Pepe sleeps on a small donated bed and maneuvers his wheelchair across worn floors. Almost no one visits him. Pepe said his pain, from the collapsed left side of his head to the stroke-damaged legs, is chronic. "Every day it hurts so much that it feels like I'm going to be dead," he said.
It should not surprise us that men who are willing to strap bombs to themselves, fly airplanes into buildings, decapitate women and massacre schoolchildren would be willing to perform extreme acts of cruelty and violence to escape from confinement. At Guantanamo, their prison is on an island, the sea to one side, a fortified border to a brutal and paranoid Communist dictatorship on the other. There's nowhere to go. Put these guys in Jim Moran's district, or your home town - whether in a civilian prison or a military brig - and they will do anything in their power to do to more prison guards what they did to Louis Pepe.
The NYT had an article about the maximum security prison in I think Colorado. Bad place, but, no surprise, suffers from budget cuts, so that's not a great place, even there, to put convicted terrorists.

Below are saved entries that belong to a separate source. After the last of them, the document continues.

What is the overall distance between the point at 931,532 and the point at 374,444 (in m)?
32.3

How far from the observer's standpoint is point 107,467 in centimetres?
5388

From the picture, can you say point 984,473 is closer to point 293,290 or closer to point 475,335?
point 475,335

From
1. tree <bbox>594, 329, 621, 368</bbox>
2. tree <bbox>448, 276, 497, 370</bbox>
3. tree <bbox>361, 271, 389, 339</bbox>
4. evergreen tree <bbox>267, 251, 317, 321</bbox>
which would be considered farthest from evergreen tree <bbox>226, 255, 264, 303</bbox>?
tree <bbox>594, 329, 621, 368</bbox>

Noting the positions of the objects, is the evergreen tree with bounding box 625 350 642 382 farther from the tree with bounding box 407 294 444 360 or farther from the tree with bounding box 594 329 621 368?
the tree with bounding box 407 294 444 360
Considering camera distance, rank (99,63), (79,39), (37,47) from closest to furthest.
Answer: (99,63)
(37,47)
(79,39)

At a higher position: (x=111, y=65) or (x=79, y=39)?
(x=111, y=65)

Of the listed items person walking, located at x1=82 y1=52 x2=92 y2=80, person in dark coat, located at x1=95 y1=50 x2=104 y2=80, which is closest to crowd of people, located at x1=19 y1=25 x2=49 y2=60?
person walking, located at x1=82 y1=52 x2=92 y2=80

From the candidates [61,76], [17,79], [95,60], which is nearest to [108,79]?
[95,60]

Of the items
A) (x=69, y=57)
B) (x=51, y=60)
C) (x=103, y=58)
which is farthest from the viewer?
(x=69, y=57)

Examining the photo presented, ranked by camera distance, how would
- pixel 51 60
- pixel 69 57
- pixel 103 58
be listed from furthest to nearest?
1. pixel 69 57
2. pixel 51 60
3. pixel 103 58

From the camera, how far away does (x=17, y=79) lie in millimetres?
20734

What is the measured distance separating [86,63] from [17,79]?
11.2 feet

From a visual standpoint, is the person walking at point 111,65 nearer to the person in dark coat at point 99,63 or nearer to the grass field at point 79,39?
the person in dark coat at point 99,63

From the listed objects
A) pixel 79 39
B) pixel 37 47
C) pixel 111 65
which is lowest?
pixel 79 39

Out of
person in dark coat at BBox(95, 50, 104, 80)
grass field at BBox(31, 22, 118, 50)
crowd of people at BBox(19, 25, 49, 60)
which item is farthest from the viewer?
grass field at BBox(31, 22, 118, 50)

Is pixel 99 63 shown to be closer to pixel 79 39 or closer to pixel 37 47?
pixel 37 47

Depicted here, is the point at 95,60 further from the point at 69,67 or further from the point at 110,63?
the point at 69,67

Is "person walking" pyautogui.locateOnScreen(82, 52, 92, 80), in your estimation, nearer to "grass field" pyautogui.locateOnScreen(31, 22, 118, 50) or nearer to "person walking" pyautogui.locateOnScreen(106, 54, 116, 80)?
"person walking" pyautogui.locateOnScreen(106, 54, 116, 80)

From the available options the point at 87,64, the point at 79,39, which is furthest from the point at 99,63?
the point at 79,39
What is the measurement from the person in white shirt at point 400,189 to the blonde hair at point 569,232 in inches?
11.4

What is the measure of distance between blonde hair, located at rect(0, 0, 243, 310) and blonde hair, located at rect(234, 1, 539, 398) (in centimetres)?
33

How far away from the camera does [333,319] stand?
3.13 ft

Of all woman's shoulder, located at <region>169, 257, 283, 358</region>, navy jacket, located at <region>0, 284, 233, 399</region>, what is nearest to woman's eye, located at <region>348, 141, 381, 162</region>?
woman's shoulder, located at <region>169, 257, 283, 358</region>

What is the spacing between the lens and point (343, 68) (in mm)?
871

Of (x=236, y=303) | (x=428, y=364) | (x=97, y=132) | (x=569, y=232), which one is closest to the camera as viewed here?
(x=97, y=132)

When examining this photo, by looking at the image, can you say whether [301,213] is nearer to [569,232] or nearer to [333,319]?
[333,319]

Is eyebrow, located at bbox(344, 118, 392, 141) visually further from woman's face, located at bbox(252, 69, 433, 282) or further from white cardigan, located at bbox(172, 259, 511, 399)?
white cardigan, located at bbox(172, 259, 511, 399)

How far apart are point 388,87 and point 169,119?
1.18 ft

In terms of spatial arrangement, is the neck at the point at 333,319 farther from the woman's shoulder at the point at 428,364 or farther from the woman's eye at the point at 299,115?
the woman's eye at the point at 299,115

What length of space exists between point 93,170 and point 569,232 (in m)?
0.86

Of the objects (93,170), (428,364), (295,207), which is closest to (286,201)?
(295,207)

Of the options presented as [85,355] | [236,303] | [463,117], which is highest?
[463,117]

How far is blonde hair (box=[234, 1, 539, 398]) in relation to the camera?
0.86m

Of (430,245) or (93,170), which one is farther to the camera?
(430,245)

Nor do I consider it a civil rights issue to have a separate terrorist's prison. We do that now. Maximum security, minimum security, farms, camps. We've already managed to classify prisoners, who by their very nature, have lost much of their constitutional rights.
So looks like we do indeed have to consider yet another prison classification. And a good place. Like underground in Yucca Flats. They get lead lined suits after ten years of good behavior.

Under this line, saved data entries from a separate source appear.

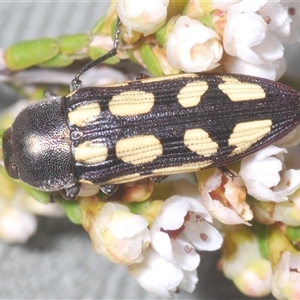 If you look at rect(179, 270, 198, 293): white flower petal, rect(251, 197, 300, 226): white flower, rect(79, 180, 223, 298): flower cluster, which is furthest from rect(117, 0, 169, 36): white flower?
rect(179, 270, 198, 293): white flower petal

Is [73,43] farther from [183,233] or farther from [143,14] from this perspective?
[183,233]

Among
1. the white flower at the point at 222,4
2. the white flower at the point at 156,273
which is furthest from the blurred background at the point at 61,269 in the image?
the white flower at the point at 222,4

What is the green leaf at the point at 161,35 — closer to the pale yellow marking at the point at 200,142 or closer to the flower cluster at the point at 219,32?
the flower cluster at the point at 219,32

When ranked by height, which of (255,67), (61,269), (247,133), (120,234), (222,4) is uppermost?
(222,4)

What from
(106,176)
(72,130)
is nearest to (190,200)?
(106,176)

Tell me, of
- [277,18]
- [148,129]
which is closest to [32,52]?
[148,129]

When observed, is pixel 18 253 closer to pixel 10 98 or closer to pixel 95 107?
pixel 10 98

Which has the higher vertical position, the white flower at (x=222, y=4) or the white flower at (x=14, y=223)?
the white flower at (x=222, y=4) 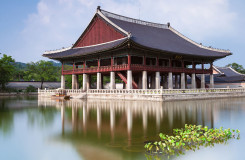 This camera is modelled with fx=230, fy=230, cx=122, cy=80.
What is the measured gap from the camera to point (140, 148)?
9.73 meters

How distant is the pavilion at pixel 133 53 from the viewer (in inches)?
1596

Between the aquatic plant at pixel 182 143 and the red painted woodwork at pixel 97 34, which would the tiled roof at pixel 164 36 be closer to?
the red painted woodwork at pixel 97 34

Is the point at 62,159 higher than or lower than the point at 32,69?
lower

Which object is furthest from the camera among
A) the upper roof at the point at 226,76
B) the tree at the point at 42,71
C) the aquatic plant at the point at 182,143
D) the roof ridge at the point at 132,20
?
the tree at the point at 42,71

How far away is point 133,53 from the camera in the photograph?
40.2 m

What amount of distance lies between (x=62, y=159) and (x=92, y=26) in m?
45.1

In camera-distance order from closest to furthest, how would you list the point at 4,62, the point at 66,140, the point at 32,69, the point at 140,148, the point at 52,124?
1. the point at 140,148
2. the point at 66,140
3. the point at 52,124
4. the point at 4,62
5. the point at 32,69

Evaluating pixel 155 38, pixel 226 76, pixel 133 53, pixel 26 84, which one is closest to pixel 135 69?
pixel 133 53

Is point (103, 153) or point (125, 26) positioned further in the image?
point (125, 26)

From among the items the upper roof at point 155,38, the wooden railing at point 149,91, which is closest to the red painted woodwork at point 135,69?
the upper roof at point 155,38

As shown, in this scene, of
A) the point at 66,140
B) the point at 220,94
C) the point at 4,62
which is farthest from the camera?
the point at 4,62

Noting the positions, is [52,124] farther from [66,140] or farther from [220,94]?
[220,94]

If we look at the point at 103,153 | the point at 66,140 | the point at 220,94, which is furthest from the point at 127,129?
the point at 220,94

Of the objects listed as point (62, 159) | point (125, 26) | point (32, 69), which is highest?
point (125, 26) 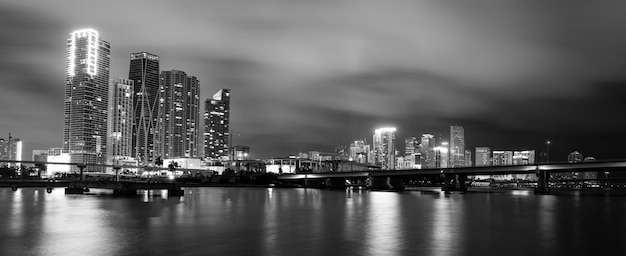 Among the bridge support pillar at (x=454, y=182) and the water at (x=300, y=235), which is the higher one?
the water at (x=300, y=235)

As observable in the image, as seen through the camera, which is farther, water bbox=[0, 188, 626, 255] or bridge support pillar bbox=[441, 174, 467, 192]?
bridge support pillar bbox=[441, 174, 467, 192]

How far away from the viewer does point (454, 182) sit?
185 metres

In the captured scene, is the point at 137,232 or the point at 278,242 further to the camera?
the point at 137,232

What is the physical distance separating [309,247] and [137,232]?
15900 millimetres

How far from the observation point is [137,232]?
137 ft

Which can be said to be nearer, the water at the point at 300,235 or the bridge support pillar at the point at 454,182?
the water at the point at 300,235

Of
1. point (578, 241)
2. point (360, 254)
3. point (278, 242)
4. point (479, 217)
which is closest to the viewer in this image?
point (360, 254)

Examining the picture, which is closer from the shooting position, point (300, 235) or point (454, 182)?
point (300, 235)

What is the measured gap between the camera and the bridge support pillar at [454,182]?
176 meters

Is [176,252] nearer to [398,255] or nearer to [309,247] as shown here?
[309,247]

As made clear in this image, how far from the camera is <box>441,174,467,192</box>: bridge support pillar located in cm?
17605

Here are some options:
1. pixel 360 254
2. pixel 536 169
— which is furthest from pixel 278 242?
pixel 536 169

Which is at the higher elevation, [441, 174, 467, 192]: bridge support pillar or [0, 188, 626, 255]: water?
[0, 188, 626, 255]: water

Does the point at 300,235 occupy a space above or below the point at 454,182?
above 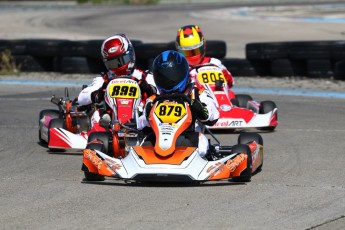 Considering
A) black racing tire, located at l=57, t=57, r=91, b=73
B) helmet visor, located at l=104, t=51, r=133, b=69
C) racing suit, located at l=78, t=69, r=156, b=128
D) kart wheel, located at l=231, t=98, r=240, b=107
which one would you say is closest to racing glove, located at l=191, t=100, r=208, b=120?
racing suit, located at l=78, t=69, r=156, b=128

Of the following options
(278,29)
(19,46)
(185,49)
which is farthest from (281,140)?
(278,29)

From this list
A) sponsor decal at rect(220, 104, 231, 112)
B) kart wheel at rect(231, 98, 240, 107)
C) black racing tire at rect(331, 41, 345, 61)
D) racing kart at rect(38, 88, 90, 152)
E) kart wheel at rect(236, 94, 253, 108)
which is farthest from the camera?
black racing tire at rect(331, 41, 345, 61)

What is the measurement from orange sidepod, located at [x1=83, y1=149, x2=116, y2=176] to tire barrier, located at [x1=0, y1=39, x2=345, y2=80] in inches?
360

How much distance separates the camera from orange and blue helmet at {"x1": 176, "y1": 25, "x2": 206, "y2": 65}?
12039 millimetres

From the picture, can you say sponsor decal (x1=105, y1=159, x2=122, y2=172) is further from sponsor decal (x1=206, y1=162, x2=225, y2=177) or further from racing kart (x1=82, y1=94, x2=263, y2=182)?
sponsor decal (x1=206, y1=162, x2=225, y2=177)

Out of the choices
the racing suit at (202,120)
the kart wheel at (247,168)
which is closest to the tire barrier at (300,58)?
the racing suit at (202,120)

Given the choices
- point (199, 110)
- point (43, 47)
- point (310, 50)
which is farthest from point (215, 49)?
point (199, 110)

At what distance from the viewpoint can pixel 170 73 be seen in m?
8.27

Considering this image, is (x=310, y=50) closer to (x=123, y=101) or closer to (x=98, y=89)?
(x=98, y=89)

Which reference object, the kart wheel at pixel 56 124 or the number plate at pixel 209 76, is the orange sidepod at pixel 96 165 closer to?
the kart wheel at pixel 56 124

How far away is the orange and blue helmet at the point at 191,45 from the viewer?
12.0 m

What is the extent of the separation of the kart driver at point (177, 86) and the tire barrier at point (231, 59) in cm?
830

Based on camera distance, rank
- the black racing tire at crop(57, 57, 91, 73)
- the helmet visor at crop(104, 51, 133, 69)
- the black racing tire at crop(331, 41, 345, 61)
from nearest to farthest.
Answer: the helmet visor at crop(104, 51, 133, 69)
the black racing tire at crop(331, 41, 345, 61)
the black racing tire at crop(57, 57, 91, 73)

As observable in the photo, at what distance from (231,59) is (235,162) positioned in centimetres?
1007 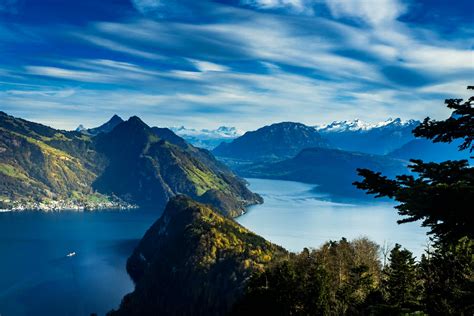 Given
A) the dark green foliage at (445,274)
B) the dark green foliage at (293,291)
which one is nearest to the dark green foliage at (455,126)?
the dark green foliage at (445,274)

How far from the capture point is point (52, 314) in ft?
582

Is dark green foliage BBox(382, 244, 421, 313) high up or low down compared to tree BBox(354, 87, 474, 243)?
down

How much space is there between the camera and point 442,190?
49.2 feet

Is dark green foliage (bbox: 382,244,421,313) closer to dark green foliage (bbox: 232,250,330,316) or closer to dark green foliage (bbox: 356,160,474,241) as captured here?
dark green foliage (bbox: 232,250,330,316)

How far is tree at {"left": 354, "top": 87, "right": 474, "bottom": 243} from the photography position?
49.1ft

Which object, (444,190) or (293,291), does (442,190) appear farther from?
(293,291)

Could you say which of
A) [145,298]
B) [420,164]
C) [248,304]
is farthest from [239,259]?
[420,164]

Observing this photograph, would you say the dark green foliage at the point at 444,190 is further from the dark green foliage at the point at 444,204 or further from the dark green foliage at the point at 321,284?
the dark green foliage at the point at 321,284

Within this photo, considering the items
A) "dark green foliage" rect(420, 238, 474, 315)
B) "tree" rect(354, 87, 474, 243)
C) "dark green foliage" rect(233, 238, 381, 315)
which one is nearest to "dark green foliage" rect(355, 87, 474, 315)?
"tree" rect(354, 87, 474, 243)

The fact remains that Gitmo is just about the perfect spot. It is isolated from the mainland and any attack runs the risk of alienating Shah Castro.

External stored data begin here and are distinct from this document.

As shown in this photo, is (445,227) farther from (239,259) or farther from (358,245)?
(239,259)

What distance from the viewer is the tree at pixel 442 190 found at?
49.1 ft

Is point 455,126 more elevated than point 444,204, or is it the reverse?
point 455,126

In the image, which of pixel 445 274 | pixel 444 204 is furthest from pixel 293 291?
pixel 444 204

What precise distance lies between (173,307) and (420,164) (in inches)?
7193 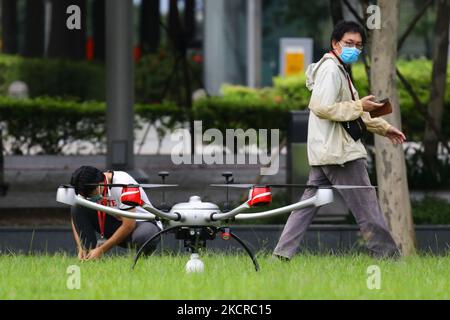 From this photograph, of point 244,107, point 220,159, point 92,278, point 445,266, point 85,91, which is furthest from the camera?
point 85,91

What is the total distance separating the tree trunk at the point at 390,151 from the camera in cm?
1071

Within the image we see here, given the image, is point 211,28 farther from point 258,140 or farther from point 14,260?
point 14,260

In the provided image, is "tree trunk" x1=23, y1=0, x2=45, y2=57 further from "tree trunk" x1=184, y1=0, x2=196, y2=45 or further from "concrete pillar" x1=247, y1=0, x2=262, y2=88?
"concrete pillar" x1=247, y1=0, x2=262, y2=88

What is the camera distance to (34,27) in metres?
32.8

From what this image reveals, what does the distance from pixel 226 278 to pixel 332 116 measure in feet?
4.90

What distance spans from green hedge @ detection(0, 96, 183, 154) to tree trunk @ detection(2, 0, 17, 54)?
14.3 m

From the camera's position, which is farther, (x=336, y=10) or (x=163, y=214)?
(x=336, y=10)

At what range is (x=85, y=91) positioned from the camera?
88.0 feet

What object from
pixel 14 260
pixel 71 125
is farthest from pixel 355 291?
pixel 71 125

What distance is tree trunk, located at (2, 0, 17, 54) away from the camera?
33.8 metres

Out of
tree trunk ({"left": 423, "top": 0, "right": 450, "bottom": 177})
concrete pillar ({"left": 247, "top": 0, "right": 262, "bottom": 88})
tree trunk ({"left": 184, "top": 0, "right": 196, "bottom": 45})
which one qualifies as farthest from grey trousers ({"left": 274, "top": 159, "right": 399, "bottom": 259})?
concrete pillar ({"left": 247, "top": 0, "right": 262, "bottom": 88})

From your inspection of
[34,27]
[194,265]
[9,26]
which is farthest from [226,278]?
[9,26]

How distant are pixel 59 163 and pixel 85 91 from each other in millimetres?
7584

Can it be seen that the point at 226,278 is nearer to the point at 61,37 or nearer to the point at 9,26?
the point at 61,37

Gitmo's also isolated from due process, humanitarianism, and lawyers.
I find the anecdotal evidence of bad terrorist-prisoners utterly uncompelling. No "regular" prisoners ever attack guards???
It's certainly compelling evidence that Al Quaeda prisoners should not be treated as "run of the mill" convicts. But the prison system already holds a lot of other prisoners who aren't, either.
The rights guaranteed by our Constitution apply to citizens of our country. The do not apply to terrorists who are try to kill us or people who are trying to enter our country illegally.
The do not apply to terrorists who are try to kill us or people who are trying to enter our country illegally.
Yeah. And since they aren't AMERICANS, let's just treat them like animals. Screw western notions of human rights. If a cage is good enough for a stray dog, it's good enough for a foreigner.
And, please remember one thing: they are suspected terrorists. Americans traditionally believed in the concept of innocence until guilt has been proven. Pretty sad to see that we've jettisoned that one because we're scared.
Mike, I don't think there is anyone at Gitmo that fits in the maybe column.
I think this comes under the "common sense" doctrine that we had a few threads back. Based on what the charges are, judges decide all the time on what, if any, bail is to be set. Common sense dictates that you don't put someone accused of shoplifting in with a murder; you don't put a female arrestee in with a rapist, or a suspected rapist. You don't therefore put a suspected terrorist in with a turnstile jumper.
So Irish, I don't think we even have a constitutional issue here. If so, then we've always had it. But then, I'm not a lawyer. I just read the document and figure it reads no more or less what Mr. Madison put in it.
Daryl, I think you would make a good judge.
I doubt it Irish. I would probably care too much who would win. But law is like everything else except maybe physics and medicine. Common sense should rule.
You realize that you're just begging the question here, right?
Prison guards are assaulted by "common" criminals all the time, yet I doubt you could make the argument that "criminals are too dangerous for US prisons," could you?